In occasione dei festeggiamenti del santo patrono Sant’Antonio Abate, ogni 16 gennaio la fòcara viene accesa da uno spettacolare gioco di fuochi d’artificio che rende particolarmente scenografica la piazza principale del noto paese salentino.
Siamo in un contesto “tarantolato”.
Siamo in un tessuto territoriale Griko.
Siamo nella piana espressione di una demoetnoantropologia greco – mediterranea – arabo – orientale.
L’evento, per la sua spettacolarità, attrae ogni anno migliaia di persone provenienti da tutto il sud d’Italia tanto da essere stato oggetto di un documentario della National Geographic.

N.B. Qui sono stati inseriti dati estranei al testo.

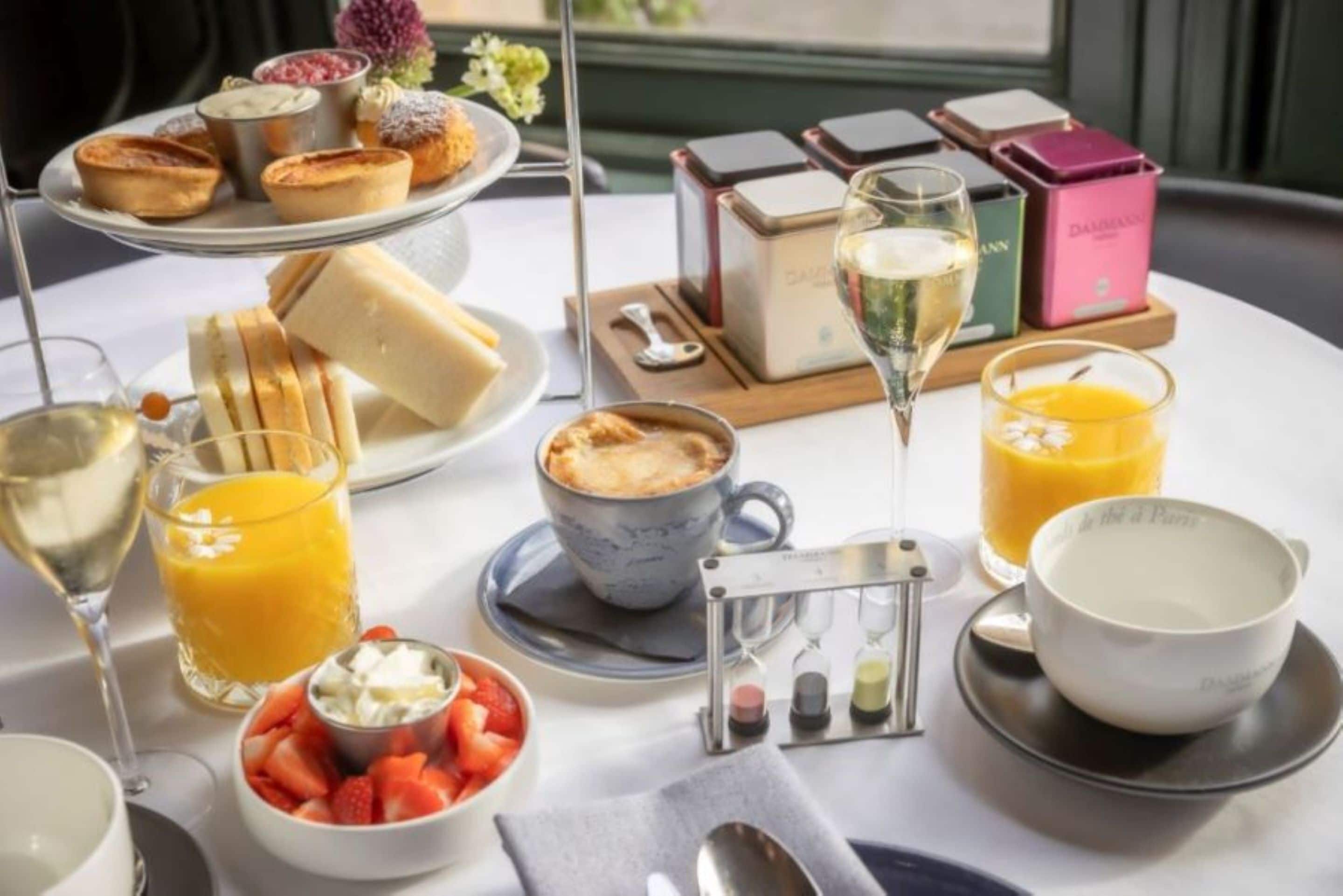 A breakfast setting with pastries, fruit, juice, and a coffee cup on a table.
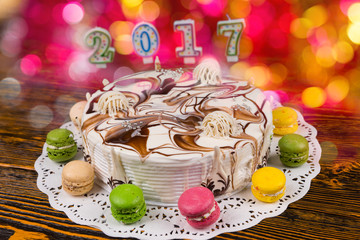 Cake for new year with candles number 2017 on wooden desk, brigh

Al fine di rendere questa tradizione il più possibile originale, alla pira ardente viene attribuita ogni volta una forma differente dotandola, occasionalmente, di un varco centrale all’interno del quale viene fatto passare il Santo durante la processione.
La fòcara è formata da circa 90.000 fascine e la sua preparazione inizia già a metà dicembre. L’origine di questa tradizione non è certa, è tuttavia probabile che derivi da antichi riti pagani o da un terremoto che colpì il Salento diversi secoli fa.
Certo è che questo termine, intriso di fascino e mistero, deve aver colpito anche Dante poiché lo ritroviamo nel XXVIII Canto dell’Inferno: “poi farà sì, ch’al vento di Focara non sarà lor mestier voto né preco.”
In questo caso, pare che il sommo poeta si riferisse al nome di un monte dal quale soffiavano venti impetuosi, ma ci piace pensare che il monte prendesse il suo nome da questa suggestiva tradizione di origine millenaria e dal sapore antico.
Ci sono richiami e rimandi che toccano le culture neolitiche in un geografia in cui il Mediterraneo ha lasciato segni indelebili.
Il fuoco, la legna, le fascine, la notte,,, sono tutte griglie simboliche che rimandano anche a riti sciamani. Infatti il falò è nella tradizioni sia balcaniche che delle culture sciamaniche. Il mondo sciamanico vive di questi riti. Eraclito ancora una volta aveva letto molto bene: “Tutte le cose sono uno scambio del fuoco, e il fuoco uno scambio di tutte le cose, come le merci sono uno scambio dell’oro e l’oro uno scambio delle merci”.
La Focara di Novoli nasce in una tradizione consolidata in cui la grecità, la salentinità e il mondo Orientale e Mediterraneo sono ceselli di una tradizione che si rinnova puntualmente. Perché, dunque, il falò come elemento antropologico? Perché la funzione del fuoco è un richiamo ancestrale tra gli elementi della natura ed è, insieme alla luna, un elemento rivelante come interpretazione profetica del destino. Destino dei popoli e delle civiltà. Tradizione. Diceva bene Cesare Pavese: “Che cos’è questa valle per una famiglia che viene dal mare, che non sappia niente della luna e dei falò? Bisogna averci fatto le ossa, averla nelle ossa come il vino e la polenta, allora la conosci senza bisogno di parlarne.
Il falò vive di riti e dei luoghi. Il mito del falò ha bisogno dei riti. La danza, il canto, le cantilene, il dialetto come elemento significativo della comunicazione costituiscono elementi di una vera e propria rappresentazione. Il falò diventa teatro. Ha un suo significato esistenziale secondo Cioran: “Avevano ragione quegli antichi filosofi che assimilavano il Fuoco al principio dell’universo, e del desiderio. Il desiderio infatti brucia, divora, annienta: agente e distruttore degli esseri, è oscuro, è infernale per eccellenza”.